I do it in the cloud!


For a while now I've been exploring the value of the so-called 'cloud' technology paradigm to the education community. For clarity, I'm referring to services hosted off-premises and delivered to premises via wide area network connectivity. I'm interested in this technology paradigm because it offers the possibility of increased access to technology at reduced cost. More for less. But how?

Hosting applications and data away from school premises means fewer or no technical staff employed by the school. Every pound/dollar spent on employing technical staff to manage, deploy and/or support your technology is a pound/dollar less spent on the technology or staff directly supporting learning. A 2006 research report by Becta in the UK found that for both primary and secondary schools, around one third of the technology budget was spent on formal technical support. Pushing services out to the cloud reduces or eliminates the requirement for in-house technical support because technology management, deployment and support take place off-premises. For companies who deliver these services, aggregating demand means a lower cost-base, higher resilience and faster innovation. Cloud services also increase access. For example, web applications (apps) are available on any web-enabled device, including mobile devices, and fulfil the promise of anytime, anywhere, device-independent learning.


The pivotal question is: what proportion or parts of the user experience can be delivered with cloud services while maintaining or improving learning outcomes?

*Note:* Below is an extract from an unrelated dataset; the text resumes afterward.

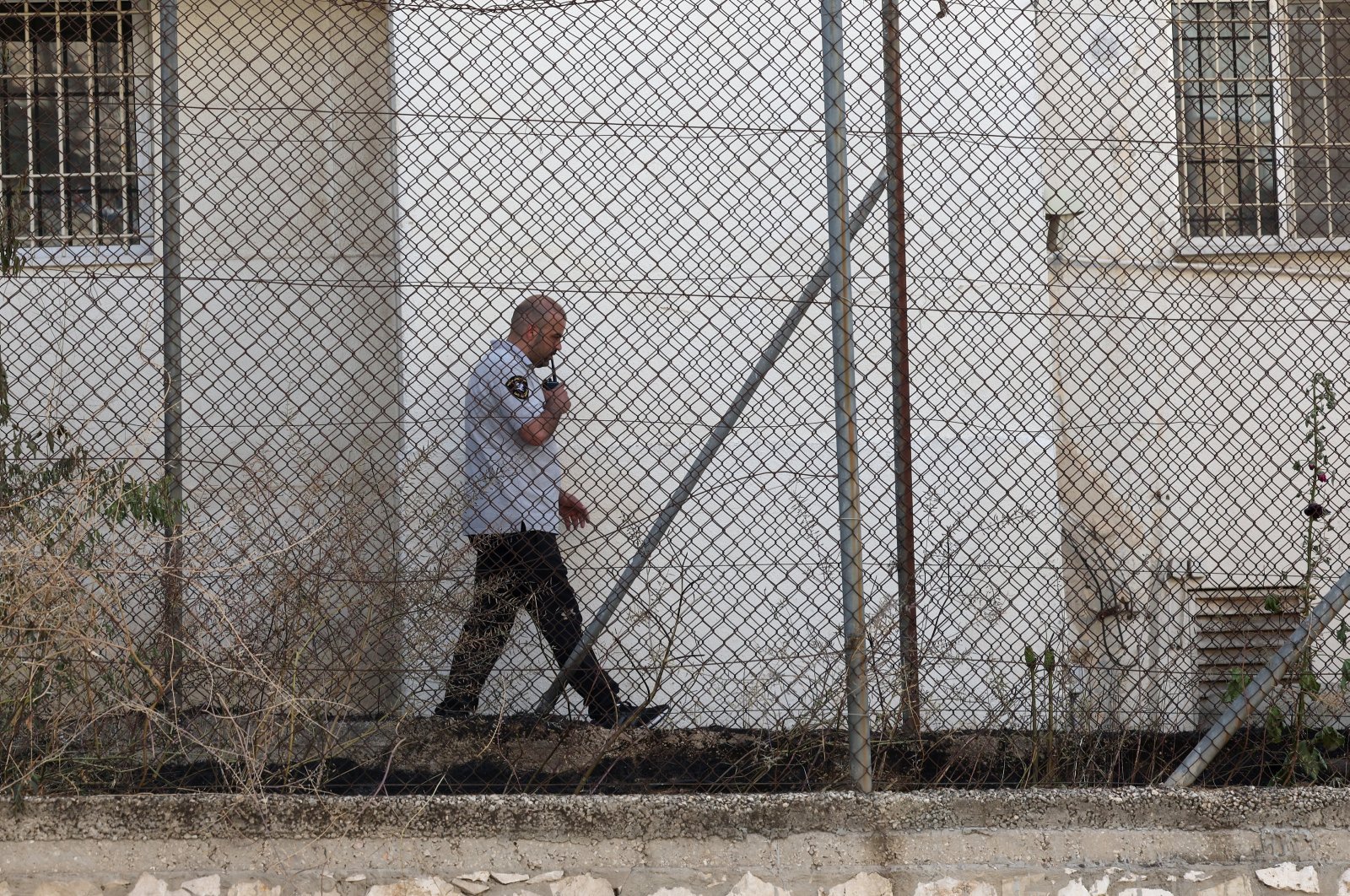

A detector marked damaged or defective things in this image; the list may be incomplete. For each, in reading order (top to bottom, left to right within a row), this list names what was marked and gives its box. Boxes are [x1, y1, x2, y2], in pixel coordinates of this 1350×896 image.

rusty metal pole [880, 0, 923, 734]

In order to evaluate the user experience, one must start with a baseline. Rather than use anecdotal evidence, I used audit data from three UK schools, two secondary and one primary. These schools are part of a large managed service and application usage data is recorded automatically by an audit tool. The usage was tracked over between 64 (primary) and 138 (secondary) school days in early 2011. It is worth noting that the sample schools had a high application diversity with over 3,500 application installed across all schools subscribed to the managed service. The technology paradigm is traditional client-server and MS Windows-based.

I don't intend to reproduce all the detail from my analysis here, but I'd like to focus on some of the more interesting trends I identified. I excluded all browser events and non-user triggered events from the analysis. Firstly, I looked at what proportion of the events were 'Office' or equivalent, i.e. word processor, spreadsheet, database or presentation software.